'Oklahoma Proven' top plant selections for 2020
It is not always easy to decide what plants to use in your garden and landscape, especially if you have limited space, so Oklahoma State University's “Oklahoma Proven” program is designed to help you do just that.
Oklahoma Proven is a plant evaluation and marketing program designed to help consumers select the best plants for Oklahoma gardens.
It can be so frustrating to spend money, time and effort on a garden or landscape plant only to have it fail. The goal of the Oklahoma Proven program is to promote plants that are tolerant of the varied and difficult environmental conditions found throughout Oklahoma. By using well-adapted plants, you will have more success with your plantings.
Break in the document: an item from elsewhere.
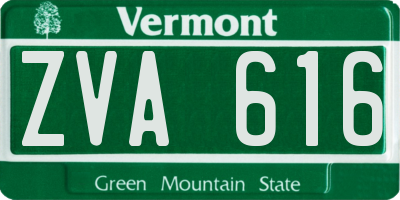 VT license plate ZVA616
And, since Oklahoma Proven plants generally are pest free and adapted to our climate, you also will be creating an easier to manage and more environmentally friendly outdoor space.
Although there are many plants suited for use in Oklahoma, the Oklahoma Proven selections are some wonderful choices. To see all the plants recommended by this program for the past 21 years, go to www.oklahomaproven.org/. You even can search by plant category for your specific needs.
Here is a look at the 2020 Oklahoma Proven selections.
The tree selection this year is the hornbeam (Carpinus species). The genus Carpinus includes the both the native C. caroliniana, American hornbeam and C. retusus, the common or European hornbeam.
American hornbeam is a slow-growing, understory tree with an attractive globular form that typically grows 20 to 35 feet tall. The European hornbeam needs little pruning when grown as a tree but also can be grown as a hedge and will take a hard pruning. If not heavily pruned, it is a medium-size tree that reaches 40 to 60 feet tall with a pyramidal to oval-rounded crown.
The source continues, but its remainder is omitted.